NOTICE: This order was filed under Supreme Court Rule 23 and is not precedent except in the limited circumstances allowed under Rule 23(e)(1).

2025 IL App (3d) 240496-U

Order filed March 19, 2025 ____________________________________________________________________________

IN THE

APPELLATE COURT OF ILLINOIS

THIRD DISTRICT

COURTNEY URBAN, ) Appeal from the Circuit Court ) of the 12th Judicial Circuit, Plaintiff-Appellant, ) Will County, Illinois, ) v. ) Appeal No. 3-24-0496 ) Circuit No. 23-LA-482 ) ITI INTERMODAL, INC., ) Honorable ) John C. Anderson, Defendant-Appellee. ) Judge, Presiding. ____________________________________________________________________________

JUSTICE DAVENPORT delivered the judgment of the court. Justices Holdridge and Hettel concurred in the judgment. ____________________________________________________________________________

ORDER

¶1 Held: The circuit court improperly considered the allegations of plaintiff’s original, unverified complaint as judicial admissions which were fatal to plaintiff’s amended complaint for employment discrimination. Therefore, the court erred by granting defendant’s motion for judgment on the pleadings as to the amended complaint. Reversed and remanded.

¶2 In July 2023, plaintiff Courtney Urban sued her former employer, defendant ITI

Intermodal, Inc., for unlawful discrimination under the Illinois Human Rights Act (Act) (775 ILCS 5/1-101 et seq. (West 2022)). Plaintiff later amended her complaint. In July 2024, the circuit court

entered judgment on the pleadings in defendant’s favor. 735 ILCS 5/2-615(e) (West 2022).

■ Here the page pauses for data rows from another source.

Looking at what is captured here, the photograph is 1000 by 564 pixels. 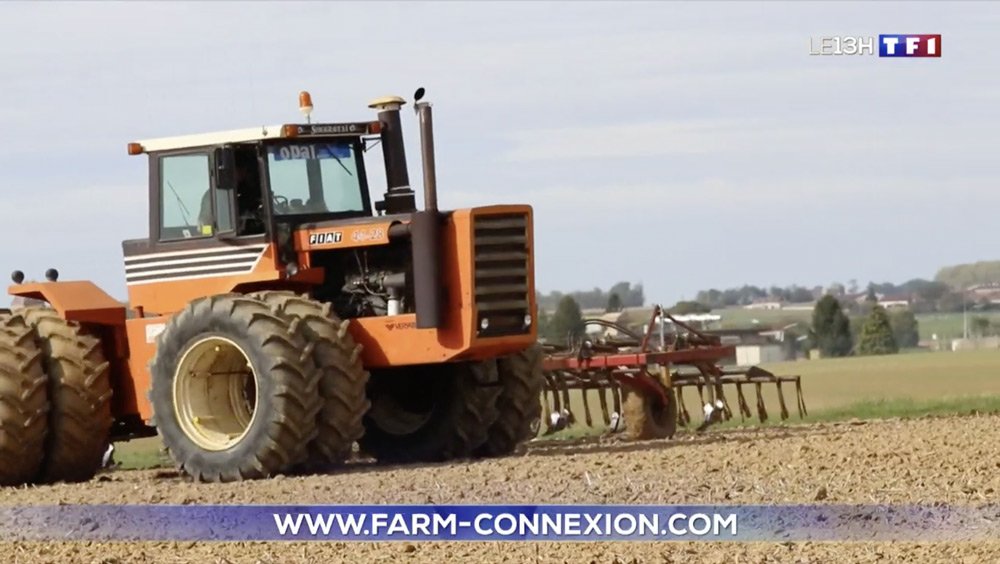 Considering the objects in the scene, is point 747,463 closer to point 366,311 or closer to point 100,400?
point 366,311

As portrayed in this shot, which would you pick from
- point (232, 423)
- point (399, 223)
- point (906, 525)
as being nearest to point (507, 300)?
point (399, 223)

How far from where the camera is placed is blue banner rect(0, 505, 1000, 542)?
359 inches

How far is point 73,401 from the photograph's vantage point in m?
13.9

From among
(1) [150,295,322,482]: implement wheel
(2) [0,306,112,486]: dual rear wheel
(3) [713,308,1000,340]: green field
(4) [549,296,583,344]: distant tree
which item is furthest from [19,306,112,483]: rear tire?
(3) [713,308,1000,340]: green field

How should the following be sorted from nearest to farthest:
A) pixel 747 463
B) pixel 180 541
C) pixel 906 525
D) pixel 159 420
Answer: pixel 906 525 < pixel 180 541 < pixel 747 463 < pixel 159 420

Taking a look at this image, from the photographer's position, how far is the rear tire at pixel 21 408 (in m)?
13.7

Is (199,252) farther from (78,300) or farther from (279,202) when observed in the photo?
(78,300)

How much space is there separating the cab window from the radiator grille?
2.11m

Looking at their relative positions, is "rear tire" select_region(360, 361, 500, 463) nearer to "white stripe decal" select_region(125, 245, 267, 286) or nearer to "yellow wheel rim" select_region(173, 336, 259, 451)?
"yellow wheel rim" select_region(173, 336, 259, 451)

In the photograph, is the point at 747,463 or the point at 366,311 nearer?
the point at 747,463

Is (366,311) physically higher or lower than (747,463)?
higher

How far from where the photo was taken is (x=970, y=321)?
61.3m

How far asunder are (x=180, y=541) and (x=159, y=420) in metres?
3.36

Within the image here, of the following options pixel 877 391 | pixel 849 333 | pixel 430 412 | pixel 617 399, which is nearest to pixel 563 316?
pixel 877 391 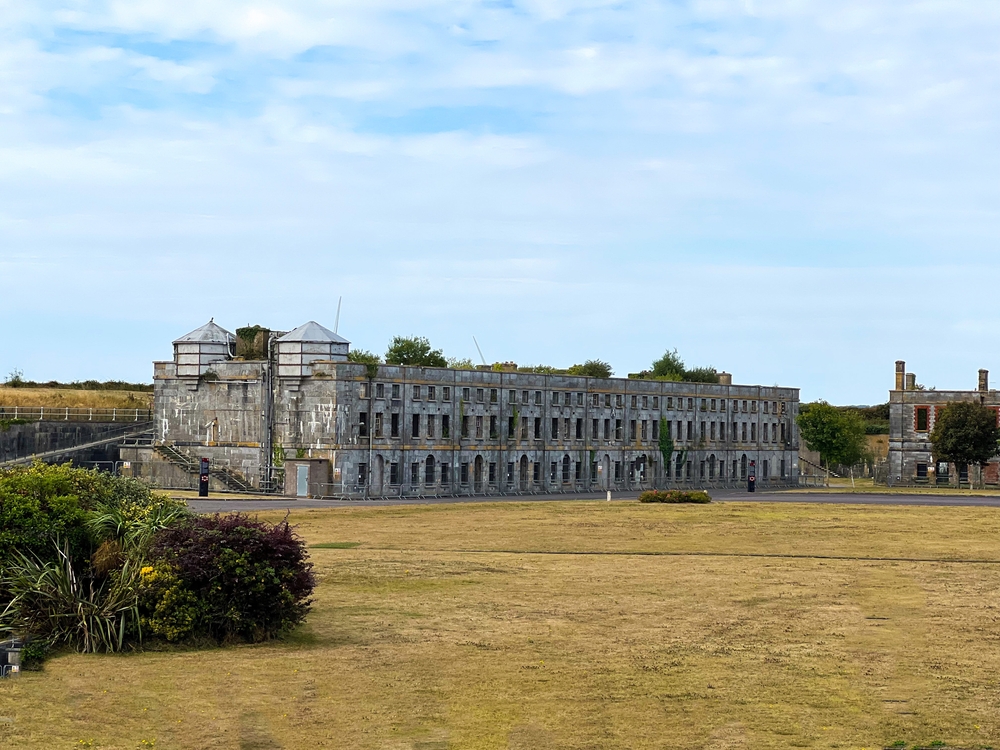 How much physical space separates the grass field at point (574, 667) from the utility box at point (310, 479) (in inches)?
1475

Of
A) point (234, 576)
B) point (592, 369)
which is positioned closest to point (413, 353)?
point (592, 369)

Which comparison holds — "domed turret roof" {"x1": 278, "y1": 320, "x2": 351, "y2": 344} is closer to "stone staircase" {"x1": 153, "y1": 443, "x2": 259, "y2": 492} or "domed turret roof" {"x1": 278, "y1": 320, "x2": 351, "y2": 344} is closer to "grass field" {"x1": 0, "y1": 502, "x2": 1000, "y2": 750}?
"stone staircase" {"x1": 153, "y1": 443, "x2": 259, "y2": 492}

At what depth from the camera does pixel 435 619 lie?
2692 cm

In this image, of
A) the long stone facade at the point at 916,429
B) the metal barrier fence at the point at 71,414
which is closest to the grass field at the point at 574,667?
the metal barrier fence at the point at 71,414

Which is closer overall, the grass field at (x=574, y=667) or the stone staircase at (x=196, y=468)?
the grass field at (x=574, y=667)

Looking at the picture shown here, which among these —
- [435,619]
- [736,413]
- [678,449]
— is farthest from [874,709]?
[736,413]

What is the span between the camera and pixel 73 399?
10762 cm

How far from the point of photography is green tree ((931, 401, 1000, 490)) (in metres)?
102

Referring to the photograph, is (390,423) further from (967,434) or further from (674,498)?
(967,434)

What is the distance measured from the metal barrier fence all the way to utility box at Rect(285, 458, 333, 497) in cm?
2123

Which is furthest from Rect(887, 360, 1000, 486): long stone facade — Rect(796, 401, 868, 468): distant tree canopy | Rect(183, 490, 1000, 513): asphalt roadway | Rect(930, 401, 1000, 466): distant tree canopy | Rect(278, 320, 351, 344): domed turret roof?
Rect(278, 320, 351, 344): domed turret roof

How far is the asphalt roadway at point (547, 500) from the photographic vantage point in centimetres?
6525

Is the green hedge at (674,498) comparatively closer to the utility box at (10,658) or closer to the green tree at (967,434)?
the green tree at (967,434)

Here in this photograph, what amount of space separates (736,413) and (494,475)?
3269 centimetres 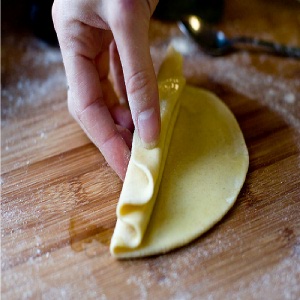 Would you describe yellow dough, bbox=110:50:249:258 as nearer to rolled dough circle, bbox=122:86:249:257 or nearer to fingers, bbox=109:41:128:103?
rolled dough circle, bbox=122:86:249:257

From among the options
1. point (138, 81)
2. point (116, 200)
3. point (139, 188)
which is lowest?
point (116, 200)

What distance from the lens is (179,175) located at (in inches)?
47.6

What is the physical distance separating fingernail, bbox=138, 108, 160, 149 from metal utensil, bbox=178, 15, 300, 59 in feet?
2.22

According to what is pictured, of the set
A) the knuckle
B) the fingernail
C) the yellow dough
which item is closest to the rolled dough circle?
the yellow dough

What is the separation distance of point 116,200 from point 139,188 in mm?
138

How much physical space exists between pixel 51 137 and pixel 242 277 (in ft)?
2.46

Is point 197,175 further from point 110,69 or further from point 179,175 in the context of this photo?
point 110,69

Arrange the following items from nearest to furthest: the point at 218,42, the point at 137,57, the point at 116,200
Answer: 1. the point at 137,57
2. the point at 116,200
3. the point at 218,42

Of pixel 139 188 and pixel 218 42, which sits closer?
pixel 139 188

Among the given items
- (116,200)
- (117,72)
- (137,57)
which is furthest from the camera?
(117,72)

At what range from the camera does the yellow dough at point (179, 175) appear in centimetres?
106

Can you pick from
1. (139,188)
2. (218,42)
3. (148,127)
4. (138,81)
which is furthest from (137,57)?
(218,42)

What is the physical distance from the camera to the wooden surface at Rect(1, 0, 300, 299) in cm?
102

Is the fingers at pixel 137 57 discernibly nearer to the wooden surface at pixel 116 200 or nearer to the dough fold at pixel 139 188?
the dough fold at pixel 139 188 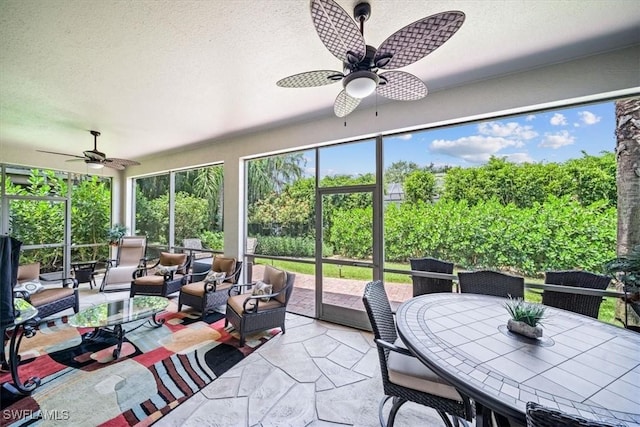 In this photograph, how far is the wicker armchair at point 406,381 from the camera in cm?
156

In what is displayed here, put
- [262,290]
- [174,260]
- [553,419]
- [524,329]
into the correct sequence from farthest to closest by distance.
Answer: [174,260] → [262,290] → [524,329] → [553,419]

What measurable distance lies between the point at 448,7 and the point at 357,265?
3.02 meters

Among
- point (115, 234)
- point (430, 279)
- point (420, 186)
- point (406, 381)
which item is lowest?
point (406, 381)

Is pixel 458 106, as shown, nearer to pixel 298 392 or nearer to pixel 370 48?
pixel 370 48

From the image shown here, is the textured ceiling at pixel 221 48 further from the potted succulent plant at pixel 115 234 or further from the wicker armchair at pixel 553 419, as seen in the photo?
the potted succulent plant at pixel 115 234

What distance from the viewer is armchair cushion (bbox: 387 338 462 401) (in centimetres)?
158

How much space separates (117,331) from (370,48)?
12.7 feet

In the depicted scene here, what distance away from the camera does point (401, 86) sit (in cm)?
207

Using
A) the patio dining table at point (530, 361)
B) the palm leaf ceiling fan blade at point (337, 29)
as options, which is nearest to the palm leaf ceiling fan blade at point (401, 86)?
the palm leaf ceiling fan blade at point (337, 29)

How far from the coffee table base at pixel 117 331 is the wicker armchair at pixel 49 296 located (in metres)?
0.86

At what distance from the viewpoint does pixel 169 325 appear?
3660 mm

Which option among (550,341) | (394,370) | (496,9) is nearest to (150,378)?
(394,370)

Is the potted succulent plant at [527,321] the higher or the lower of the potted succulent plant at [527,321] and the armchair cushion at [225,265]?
the higher

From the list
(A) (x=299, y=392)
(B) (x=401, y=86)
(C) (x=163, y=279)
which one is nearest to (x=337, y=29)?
(B) (x=401, y=86) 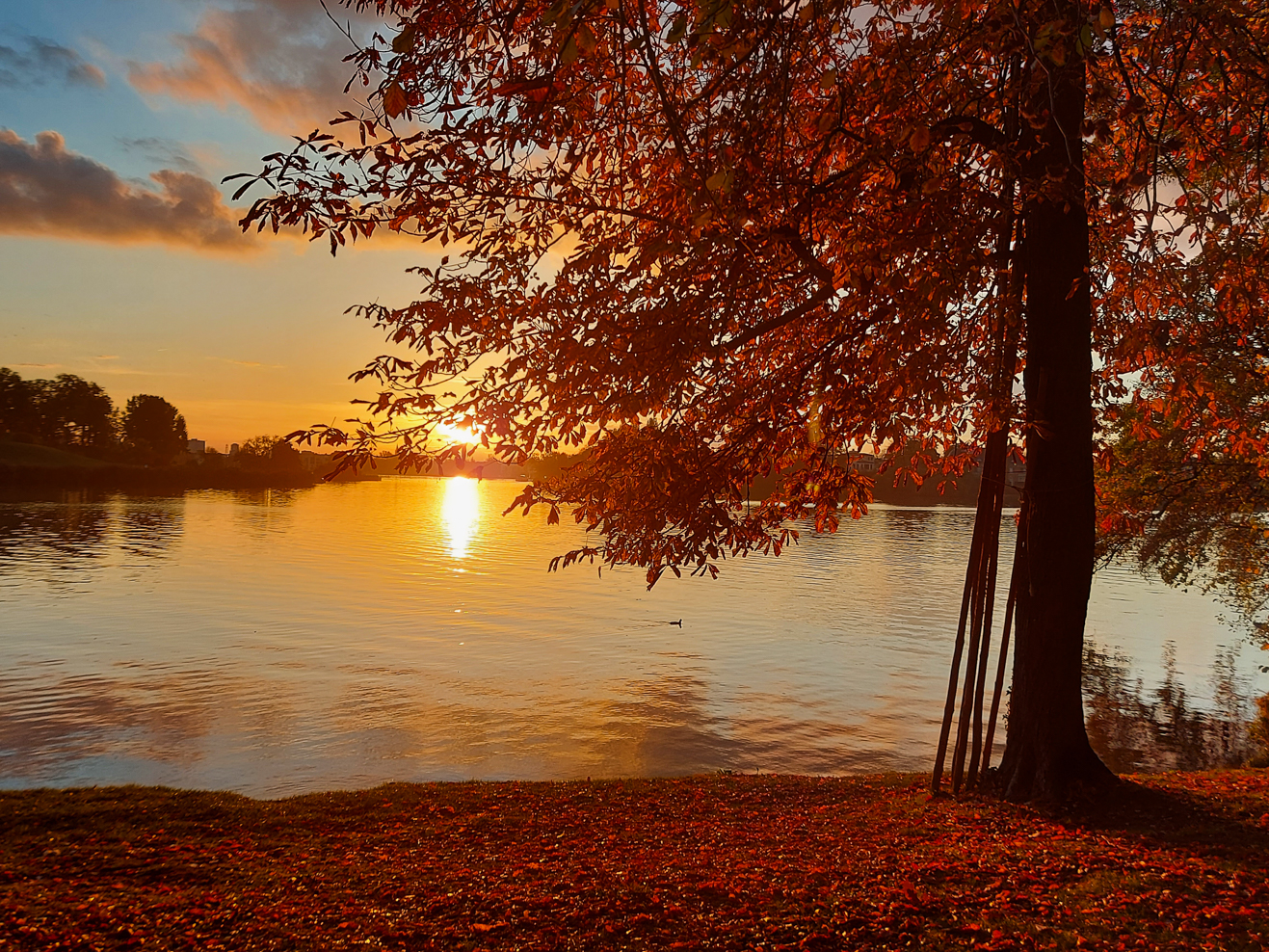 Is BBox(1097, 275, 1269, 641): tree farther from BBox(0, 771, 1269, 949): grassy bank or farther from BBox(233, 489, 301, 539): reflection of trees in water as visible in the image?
BBox(233, 489, 301, 539): reflection of trees in water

¶3 Plaintiff appeals. We reverse and remand for further proceedings.

¶4 I. BACKGROUND

¶5 A. Defendant Hires and Fires Plaintiff

¶6 Defendant is an intermodal company. It provides shipping containers, container storage,

container repair and maintenance, and transportation services. In August 2019, defendant hired

plaintiff as a billing specialist. At the time, it knew plaintiff was married to Kaedyn Urban, who

was employed by defendant.

¶7 On November 10, 2021, Kaedyn gave notice of his resignation. Two days later, defendant

terminated plaintiff’s employment.

¶8 B. Plaintiff Files a Charge with the Department of Human Rights

¶9 On November 13, 2021, plaintiff filed a charge with the Department of Human Rights. She

alleged defendant violated the Act by unlawfully discriminating against her based on her marital

status. See 775 ILCS 5/7A-102(A) (West 2020). The Department of Human Rights investigated

the claim, and its Director issued a notice of substantial evidence and informed plaintiff she could

file suit in the circuit court. See id. § 7A-102(C), (D).

¶ 10 C. Plaintiff’s Original Complaint

¶ 11 In July 2023, plaintiff filed a complaint in the circuit court. She sought actual and punitive

damages, attorney fees, and costs. Plaintiff alleged that, when defendant hired her, it was aware

Kaedyn also worked for defendant as a maintenance and repair supervisor. On November 10, 2021,

Kaedyn told defendant he was leaving the company to take a position with a different company in

the same industry. On November 12, 2021, before his last scheduled day of employment, defendant

2 terminated Kaedyn. The same day, defendant “retaliated against [p]laintiff and terminated [her]

employment solely on the basis that she was Kaedyn’s wife.” At a “surprise termination meeting,”

defendant’s general manager told her she was a hard worker, was good at her job, and had done

nothing wrong. However, the general manager told plaintiff “that Defendant had to terminate [her]

employment because [Kaedyn] was making a ‘huge mistake’ leaving Defendant’s employ.”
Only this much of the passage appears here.